Horrifyingly Beautiful Interiors: Les Yeux Sans Visage
It being October and all, I'm ready to get into the Halloween spirit by resurrecting a series this blog hasn't visited in a while: Horrifyingly Beautiful Interiors. This is an ode to two things worth celebrating: beautifully designed spaces and downright creepy movies. If you can marry the two, then you've pretty much achieved perfection. Today's entry is Georges Franju's 1959 film Les Yeux Sans Visage—or as Billy Idol might have called it, Eyes Without a Face.
With production design by Auguste Capelier, Eyes follows the brilliant but obsessed Dr. Génessier as he tries in vain to transplant a fresh face onto the disfigured mug of daughter Christiane. Given that Génessier is a surgeon and the film was shot in the '50s, Eyes delivers wholeheartedly in the vintage medical equipment arena:
But since Génessier is also, you know, kidnapping young ladies across the French countryside in order to restore his daughter's face, he also needs to keep things a bit quiet. Hence the underground lair and odd sub-plot involving keeping an extraordinary industrial-chic kennel:
Despite his questionable medical practices, Génessier also operates an above-ground clinic that really is top-notch in the interiors arena:
If my doctor had giant palms flanking the entrance to his clinic, I really wouldn't care what he did in his spare time.
Finally, Génessier's office is unlike anything you're likely to see in a medical facility these days.

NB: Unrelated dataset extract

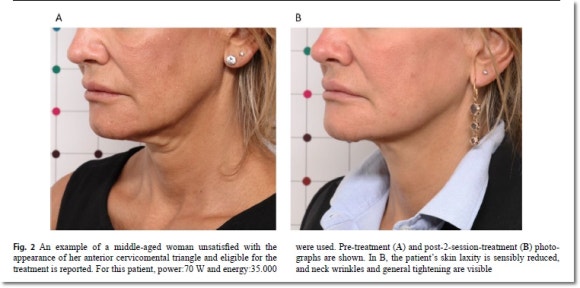 온다리프팅 이중턱 정리 효과, 어느 정도일까? 관련 이미지 4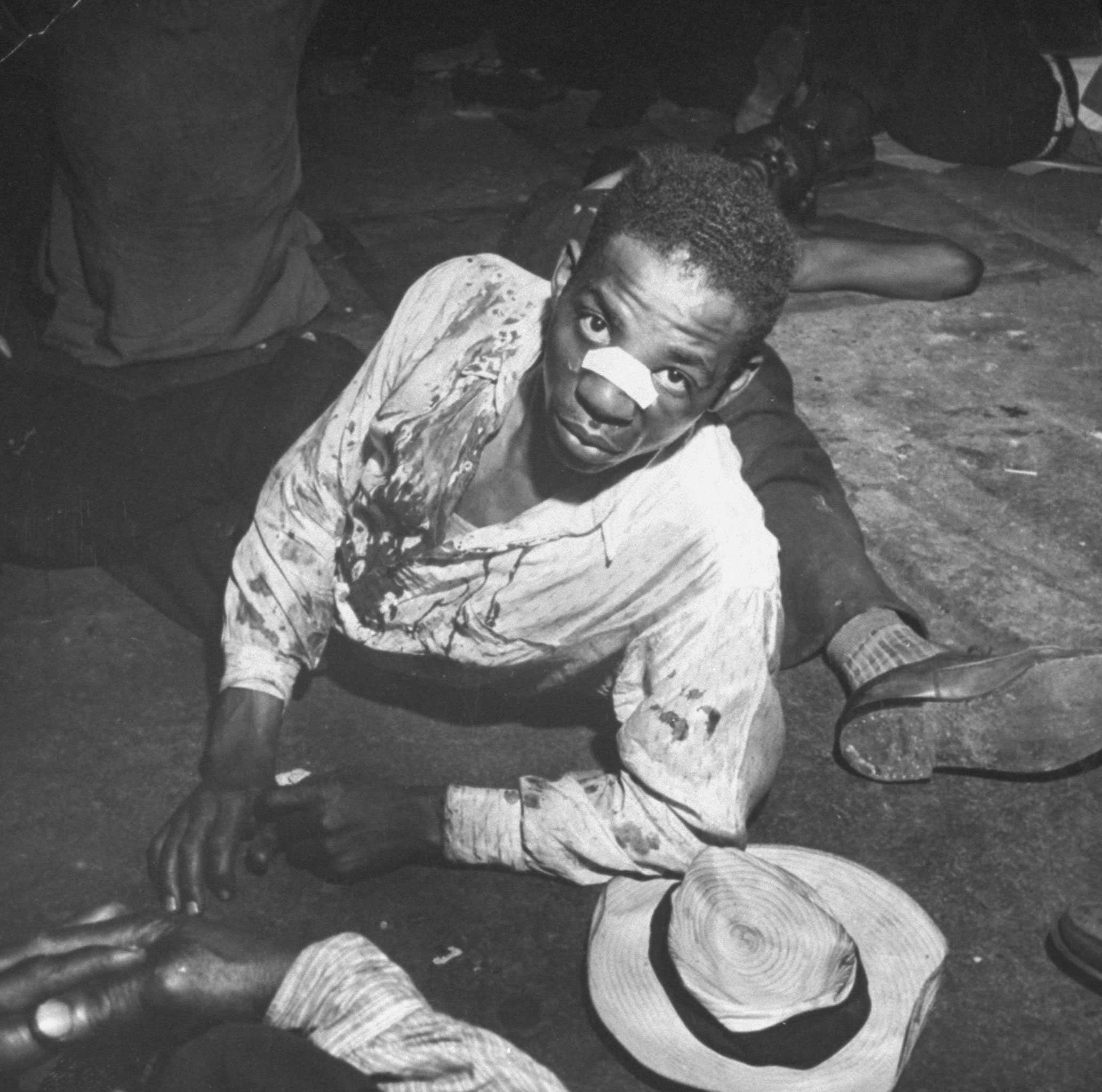 Black and white photograph of an unidentified African American man lying on the ground with a large bandage on his nose.  His white shirt is bloodied and a hat lies next to him.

First take the killer sconces and then add picture molding?! I don't think my heart can take it.
And, in a scene to rival the best that 1stdibs has to offer, we get to see Christiane's boyfriend's circa-1959 pad in all its French mid-century glory.
But keeping true to the film's French roots, there are still more daybeds, Louis XVI chairs, lush swags, and imposing marble-topped sideboards than you can shake a distraught French girl's mask at.
Les Yeux Sans Visage runs 90 minutes and is available on DVD and Blu-ray from The Criterion Collection. Watch it with someone who appreciates design and/or medical procedures.